:: EXERCISE PROMPT ::
At the line containing "1999 Ford Fairlane - A", begin an exact copy, and continue through the last line of the entries below. Leave out any pictures.

:: THE RECORDS ::
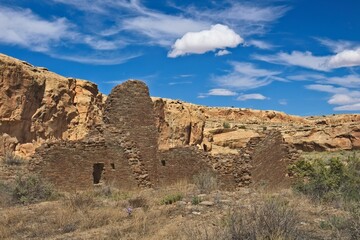 Part of Chaco Canyon Pueblo with a cliff and sky with clouds in the background, New Mexico.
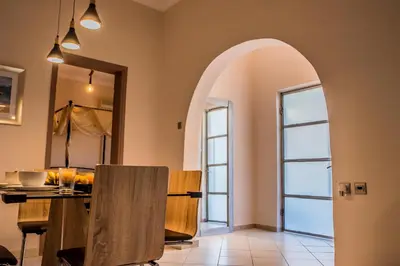 a dining room with an archway and a table at ANAFIS COMFORT in Athens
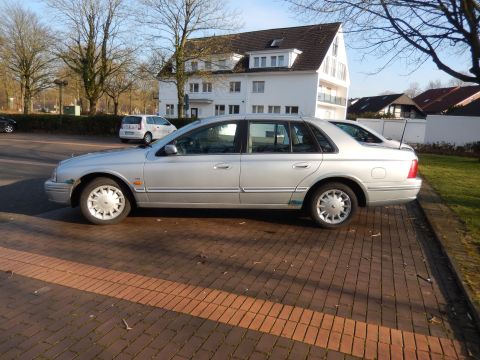 1999 Ford Fairlane - A silver 1999 Ford Fairlane sedan is parked on a brick paver surface in front of a white building. The car is viewed from the side, showing…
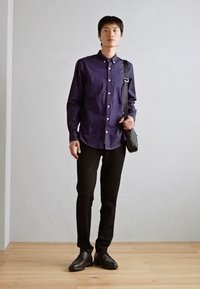 Cămașă închisă la culoare, cu nasturi, cu un model geometric subtil, asortată cu pantaloni negri slim-fit și pantofi negri eleganți; geantă crossbody inclusă.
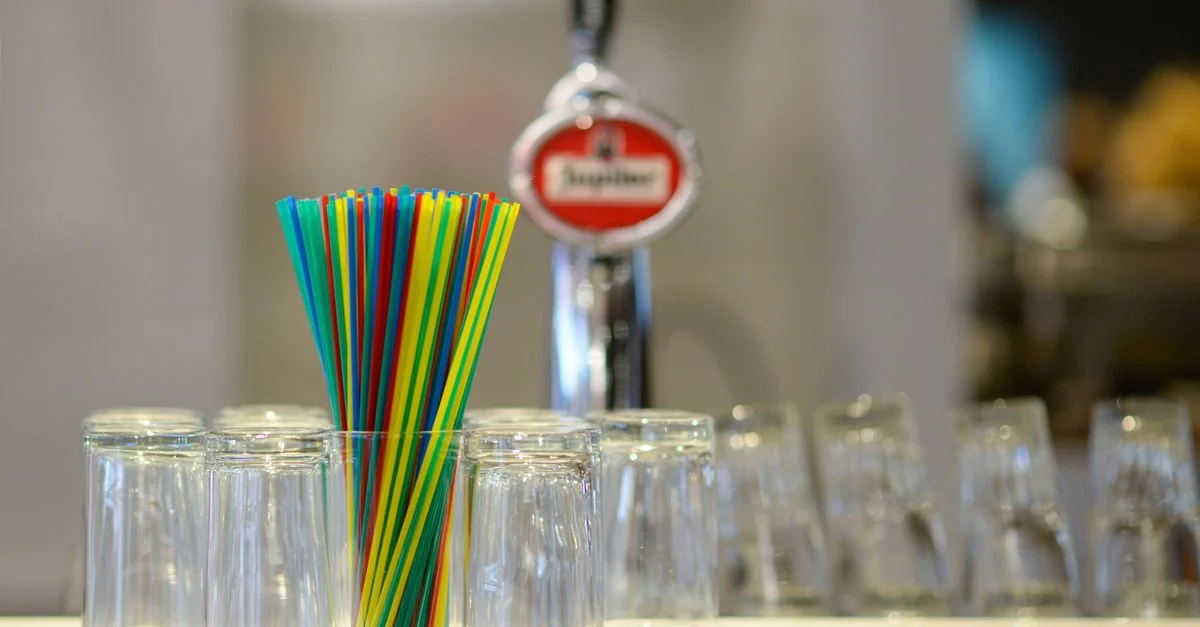 Des pailles vibrantes et des verres à l'envers sur un comptoir de bar avec un arrière-plan flou.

:: ANSWER TO THIS TASK ::
 1999 Ford Fairlane - A silver 1999 Ford Fairlane sedan is parked on a brick paver surface in front of a white building. The car is viewed from the side, showing…
 Cămașă închisă la culoare, cu nasturi, cu un model geometric subtil, asortată cu pantaloni negri slim-fit și pantofi negri eleganți; geantă crossbody inclusă.
 Des pailles vibrantes et des verres à l'envers sur un comptoir de bar avec un arrière-plan flou.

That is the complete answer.